(Records excerpted from a collection)
--------------------------------

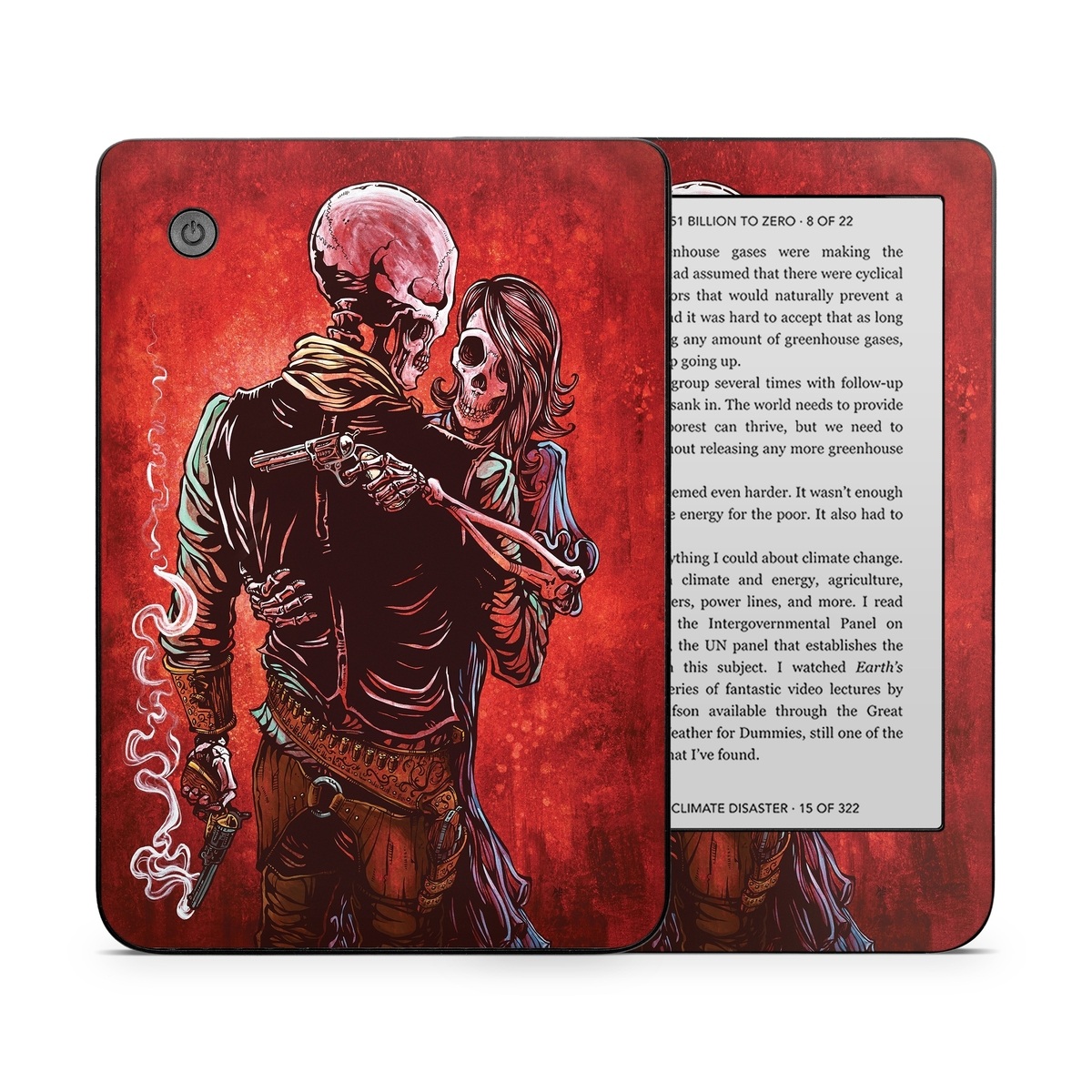 Kobo Clara 2E Skin design of Sleeve, Gesture, Painting, Art, Artist, Fictional character, Drawing, Paint, Illustration, Visual arts, with red, black, white, gray, brown colors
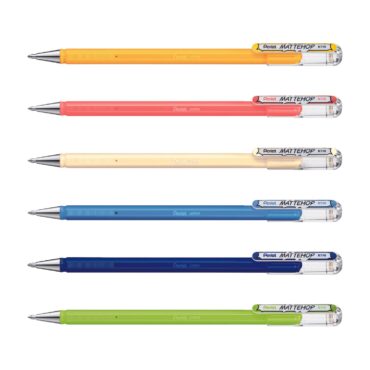 Pentel Mattehop Gel-Tintenroller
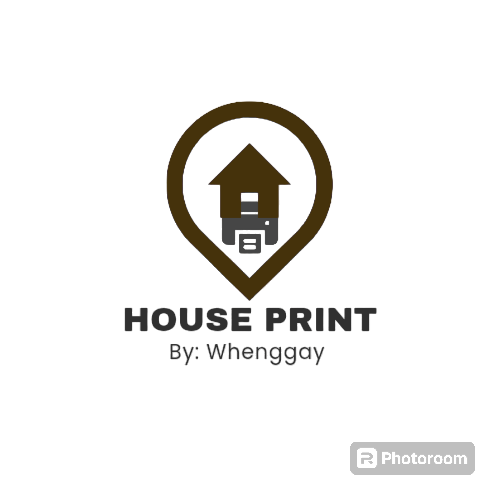 House Print by Whenggay Logo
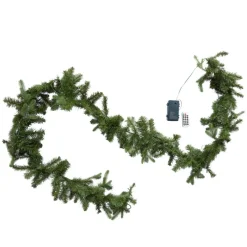 American Tree & Wreath™ American Tree & Wreath 9' Multifunction Dew Drop Garland Sale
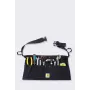Carhartt Firm Duck Werkzeuggürtel-System, Schwarz, 12 Taschen, 32-50 Zoll Bundweite
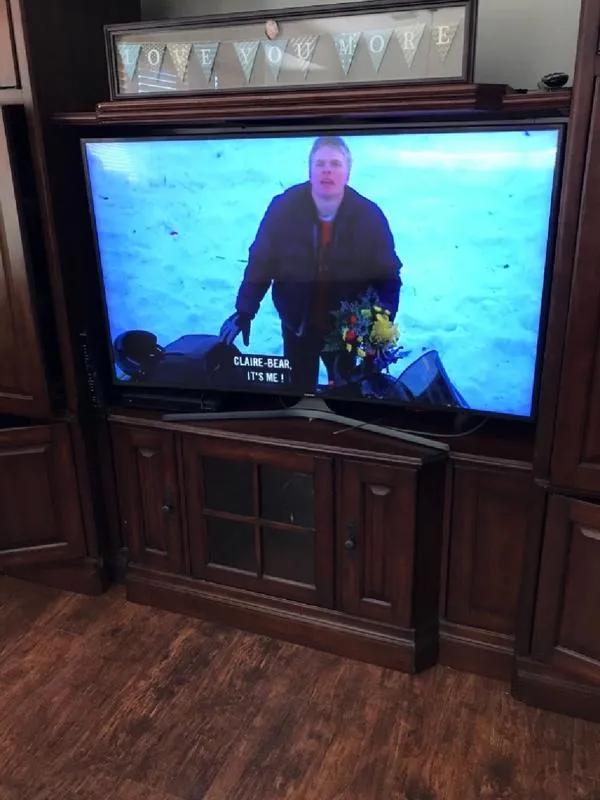 55 Curved Smart TV for Sale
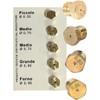 Set of 5 Universal Nozzles 6MB LPG Gas Cooker +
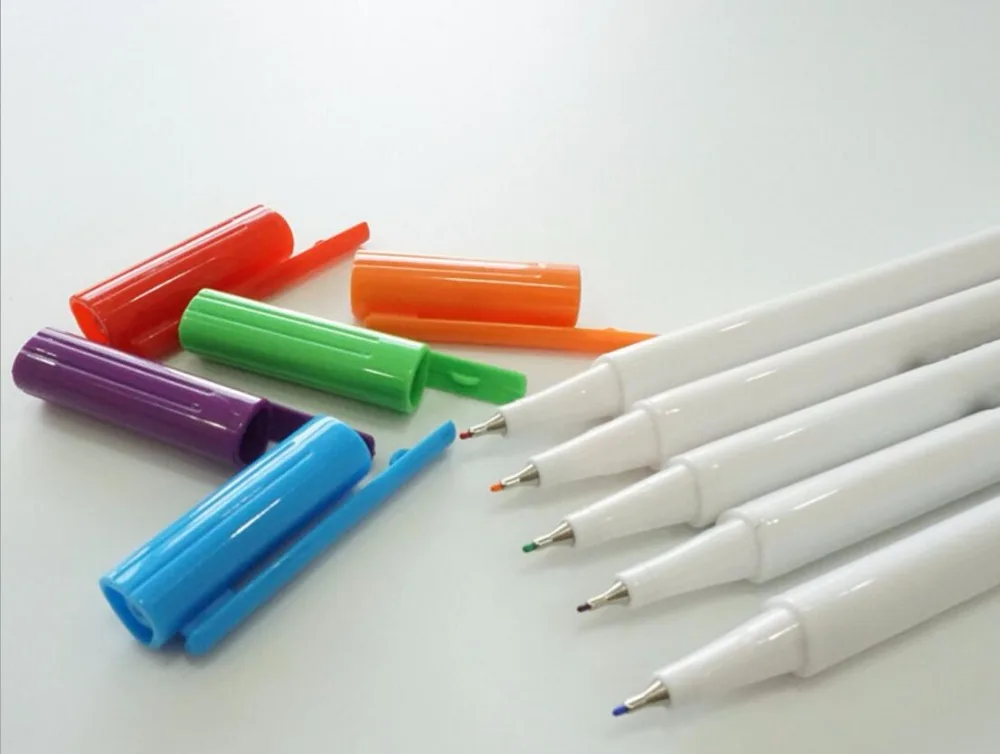 60 шт./компл. unical color scriptliner гелевая ручка цветная ручка заполнения канцелярские принадлежности подарок студенческие дети взрослый Набор для рисования растворимые ручки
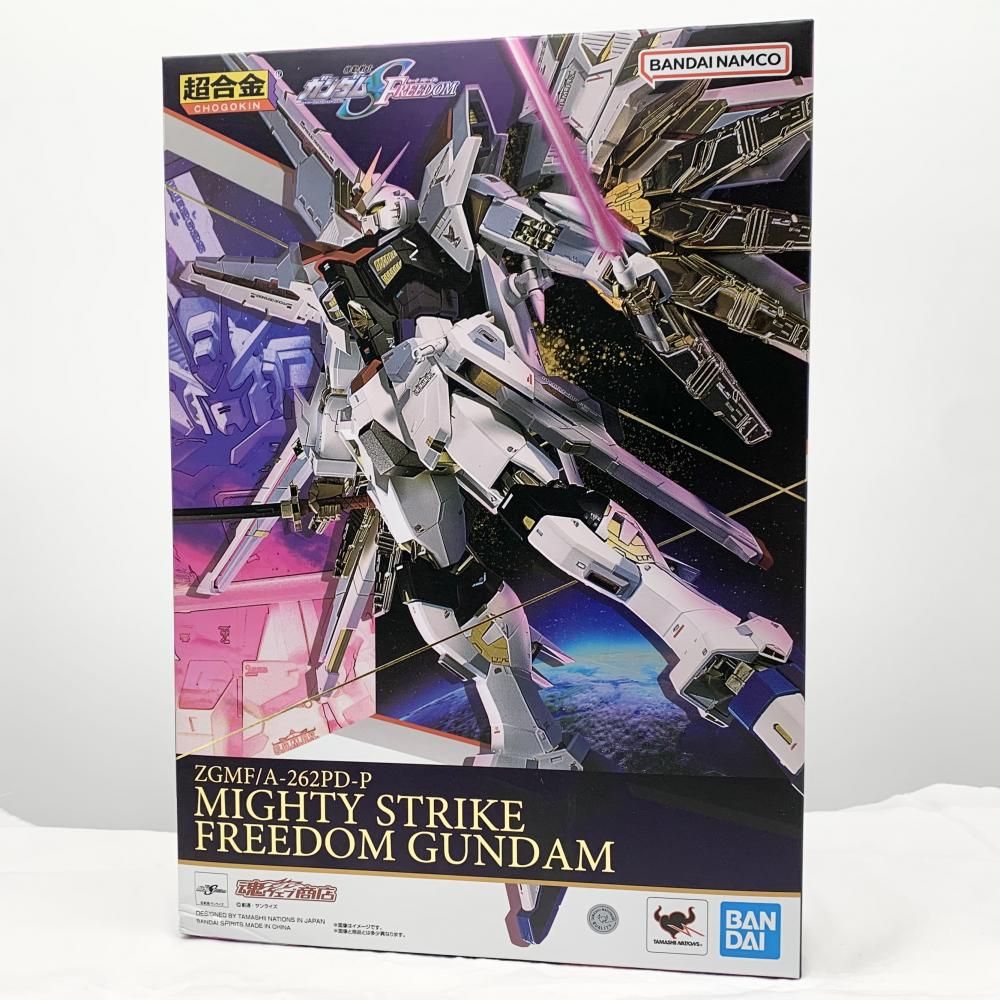 新品未開封】超合金 マイティーストライクフリーダムガンダムSEED ガンダム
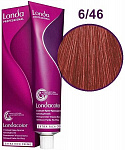 Стойкая крем-раска для волос Londa Professional Londacolor 60 мл блондин, медный 6/46 темный блонд медно-фиолетовый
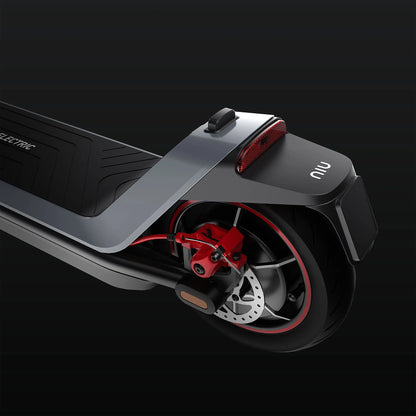 NIU KQi 300X E-Scooter (10,5 Zoll, Schwarz)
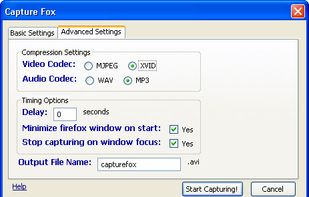 Capture Fox screenshot 3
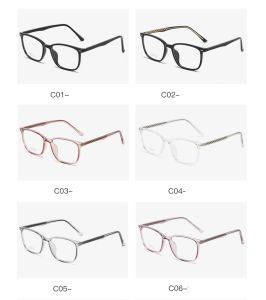 [3-5/8 Hoàn Tiền 25%] Gọng kính vuông thời trang nam nữ 8101A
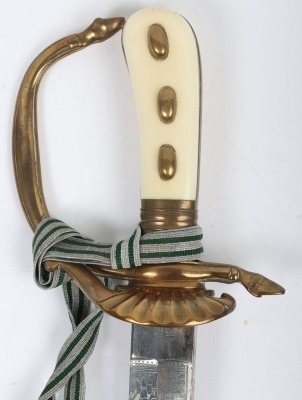 Pre-Third Reich Period Hunting Cutlas by WKC, - 6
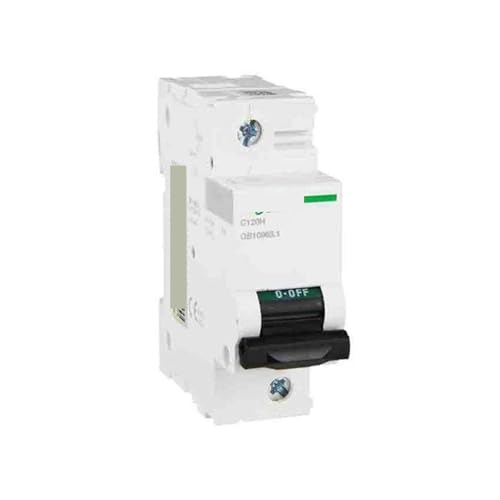 Disjoncteur C120H 1P C100A 10kA courbe C pour protection tableau électrique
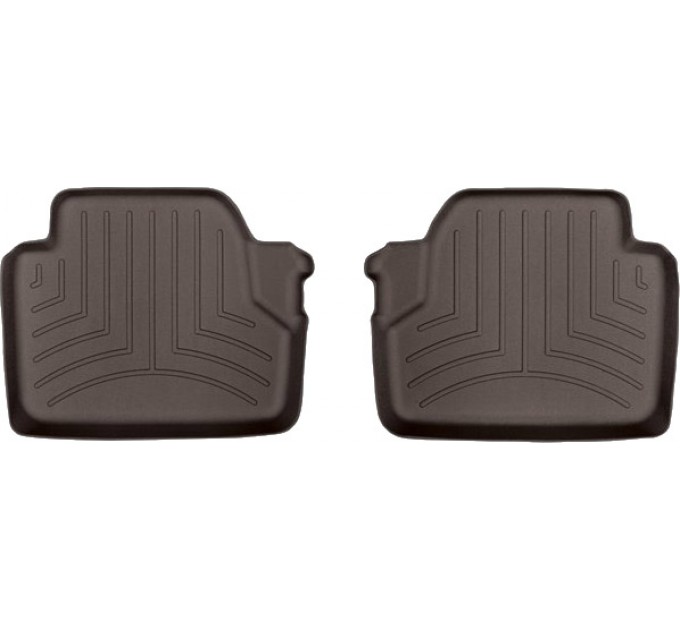 Коврики WeatherTech Choco для BMW 4-series (F32/F82)(coupe)(2 row) 2013-2020, цена: 4 562 грн.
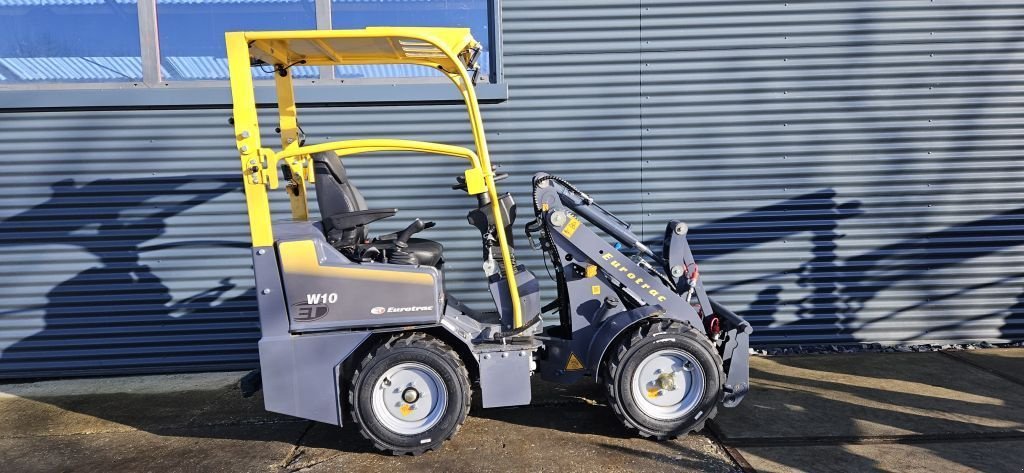 Kompaktlader del tipo Eurotrac W10 mini loaders NIEUW, Gebrauchtmaschine en Scharsterbrug (Imagen 9)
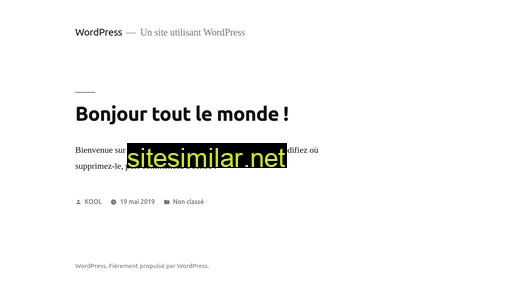 koolbijoux.fr alternative sites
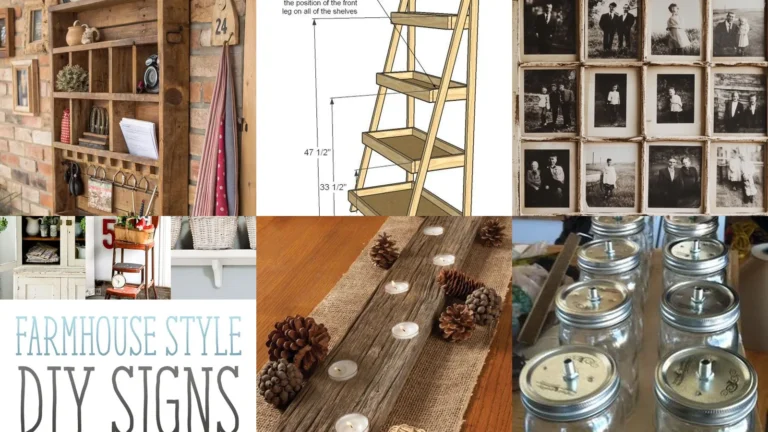 19+ Simple Farmhouse Projects Ideas That Transform Your Home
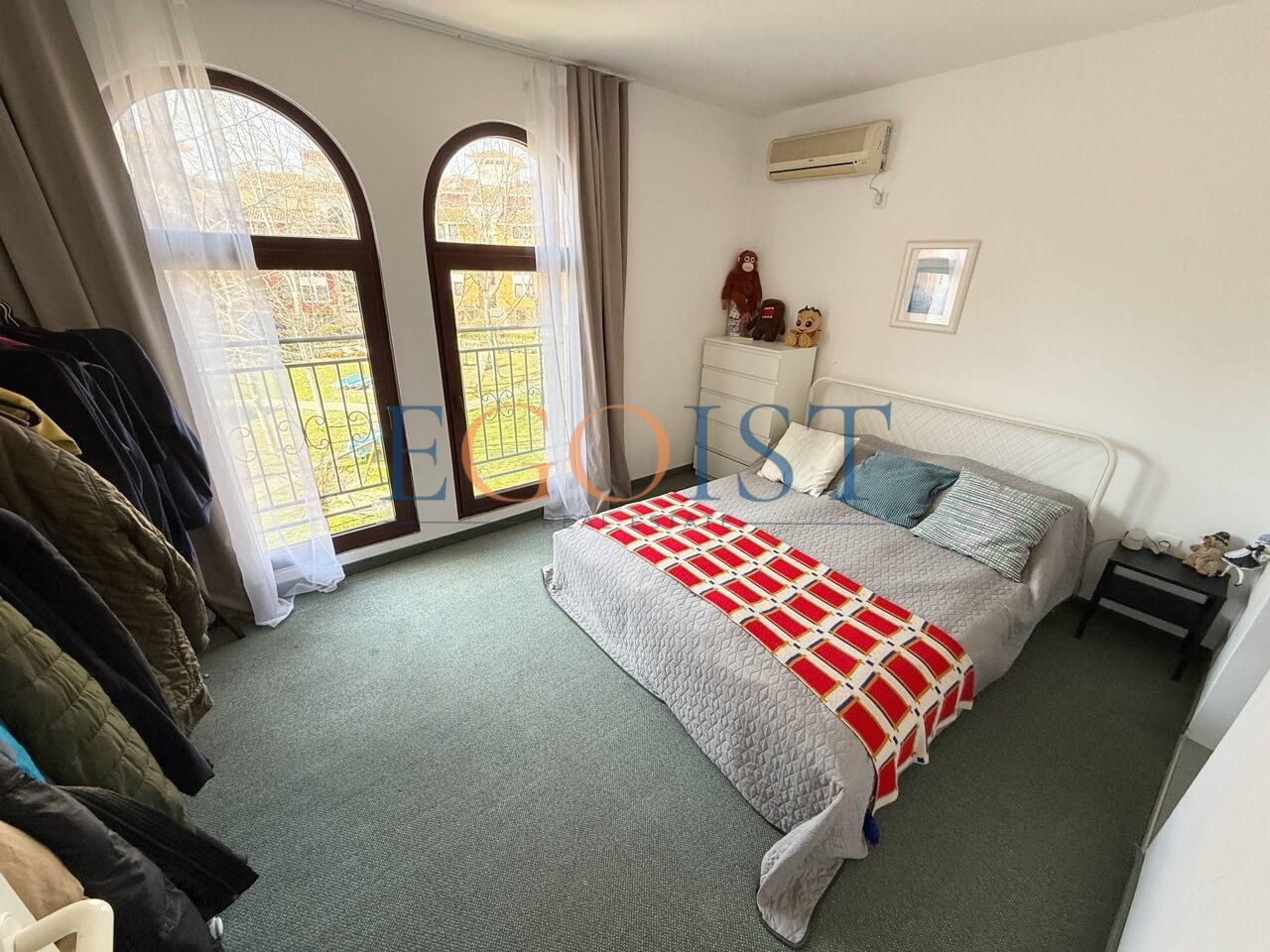 Apartament z 2 sypialniami w kompleksie Marina Cape, Aheloy — фото 8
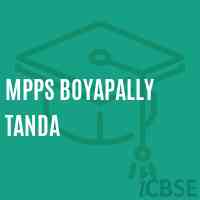 Mpps Boyapally Tanda Primary School Logo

--------------------------------

**ACTION ITEM**
Make an exact copy of the records shown above, without the pictures.

**SOLUTION**
 Kobo Clara 2E Skin design of Sleeve, Gesture, Painting, Art, Artist, Fictional character, Drawing, Paint, Illustration, Visual arts, with red, black, white, gray, brown colors
 Pentel Mattehop Gel-Tintenroller
 House Print by Whenggay Logo
 American Tree & Wreath™ American Tree & Wreath 9' Multifunction Dew Drop Garland Sale
Carhartt Firm Duck Werkzeuggürtel-System, Schwarz, 12 Taschen, 32-50 Zoll Bundweite
 55 Curved Smart TV for Sale
 Set of 5 Universal Nozzles 6MB LPG Gas Cooker +
 60 шт./компл. unical color scriptliner гелевая ручка цветная ручка заполнения канцелярские принадлежности подарок студенческие дети взрослый Набор для рисования растворимые ручки
 新品未開封】超合金 マイティーストライクフリーダムガンダムSEED ガンダム
 Стойкая крем-раска для волос Londa Professional Londacolor 60 мл блондин, медный 6/46 темный блонд медно-фиолетовый
 NIU KQi 300X E-Scooter (10,5 Zoll, Schwarz)
 Capture Fox screenshot 3
 [3-5/8 Hoàn Tiền 25%] Gọng kính vuông thời trang nam nữ 8101A
 Pre-Third Reich Period Hunting Cutlas by WKC, - 6
 Disjoncteur C120H 1P C100A 10kA courbe C pour protection tableau électrique
 Коврики WeatherTech Choco для BMW 4-series (F32/F82)(coupe)(2 row) 2013-2020, цена: 4 562 грн.
 Kompaktlader del tipo Eurotrac W10 mini loaders NIEUW, Gebrauchtmaschine en Scharsterbrug (Imagen 9)
 koolbijoux.fr alternative sites
 19+ Simple Farmhouse Projects Ideas That Transform Your Home
 Apartament z 2 sypialniami w kompleksie Marina Cape, Aheloy — фото 8
 Mpps Boyapally Tanda Primary School Logo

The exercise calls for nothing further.